On Sun, Oct 05, 2014 at 12:14:59AM +0300, Andrei Banu wrote:
> Hi,
> 
> I am attempting LFS version 7.6 but I got stuck on chapter
> 5.5.1 (cross GCC compile).
> 
> The host is CentOS 6.5 / 64bit:
> Linux 2.6.32-431.el6.x86_64 #1 SMP
> 
> The /configure worked ok. The error came during make.
> 

 gcc (also binutils, and a few other packages) run 'configure in
various directories after 'make' is invoked.  Also, gcc will
eventually run a second build to check itself.
> The error message is this:
> 
> ....
> checking how to run the C++ preprocessor... /lib/cpp
> configure: error: in `/mnt/lfs/sources/gcc-build/gcc':
> configure: WARNING: C++ preprocessor "/lib/cpp" fails sanity check
> See `config.log' for more details.

 This _looks_ like the error, in that I do not recall seeing it in
my own logs.

> checking for unordered_map... no
> checking for tr1/unordered_map... no
> checking for ext/hash_map... no
> checking dependency style of g++... none
> configure: error: no usable dependency style found
> make[1]: *** [configure-gcc] Error 1
> make[1]: Leaving directory `/mnt/lfs/sources/gcc-build'
> make: *** [all] Error 2

 But, that does appear to be the test which caused it to fail.

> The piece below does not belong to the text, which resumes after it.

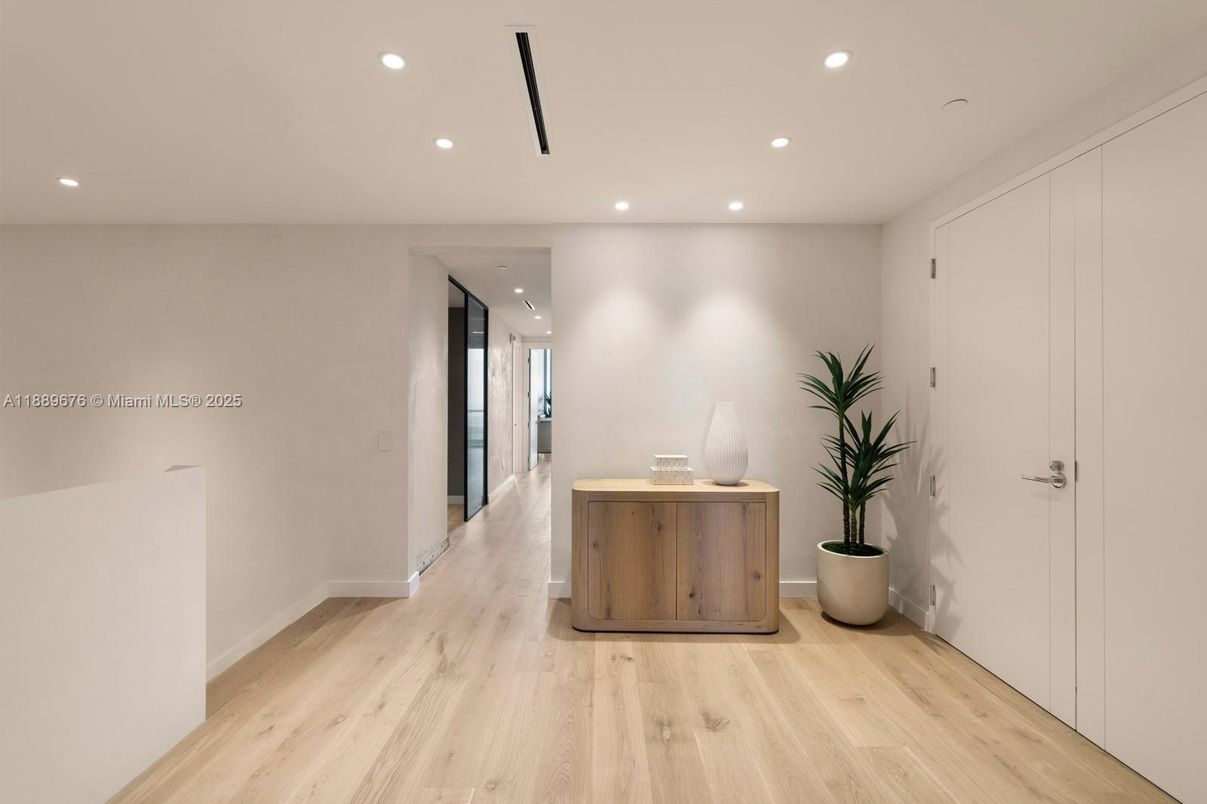 Interior, Recessed Lighting, Wood Texture Flooring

 My initial guess was that you missed the last line from the
configure command on that page : --enable-languages=c,c++ and
you can check that in your command history (e.g. use the
up-arrow from bash's command line).  BUT forget htat, I see
that test in my own log, when it is configuring in ./gcc - in
my case it got the correct answer ('gcc3').

 So, first run 'find -name config.log | xargs ls -l' :
that should tell you which of them was most recently accessed.
If that is ./config.log, the atime must have been updated when you
looked at it (unusual for a modern system), so look at the next
newest (or oall of them which have the same time.

 Search for 'no usable dependency style found' and then look at the
lines just above that : configure sets up a test, logs what it is
going to run, runs it, reports any error, and then eventually
produces the error message.  It is the command it ran, and the error
message which resulted directly from that, which matters.

ĸen
> 
> I am not sure which parts from config.log I should paste
> in here as it's 1000 lines long but I'll go ahead and paste
> some:
> 
> configure:4799: checking for C++ compiler version
> configure:4808: g++ --version >&5
> ../gcc-4.9.1/configure: line 4810: g++: command not found
> configure:4819: $? = 127
> configure:4808: g++ -v >&5
> ../gcc-4.9.1/configure: line 4810: g++: command not found
> configure:4819: $? = 127
> configure:4808: g++ -V >&5
> ../gcc-4.9.1/configure: line 4810: g++: command not found
> configure:4819: $? = 127
> configure:4808: g++ -qversion >&5
> ../gcc-4.9.1/configure: line 4810: g++: command not found
> configure:4819: $? = 127
> configure:4823: checking whether we are using the GNU C++ compiler
> configure:4842: g++ -c   conftest.cpp >&5
> ../gcc-4.9.1/configure: line 1751: g++: command not found
> 

 This says that in _that_ test, g++ was not found : for me, that
is tested for early on in configure (before 'make') and correctly
reports

checking for gcc option to accept ISO C89... none needed
checking for g++... g++
checking whether we are using the GNU C++ compiler... yes

 Which is a *different* first message (mine checked for 'g++',
and later, still from the initial run of 'configure', I can see:

checking where to find the target c++... just compiled

 Does your host system have a working C++ compiler ?

ĸen
-- 
Nanny Ogg usually went to bed early. After all, she was an old lady.
Sometimes she went to bed as early as 6 a.m.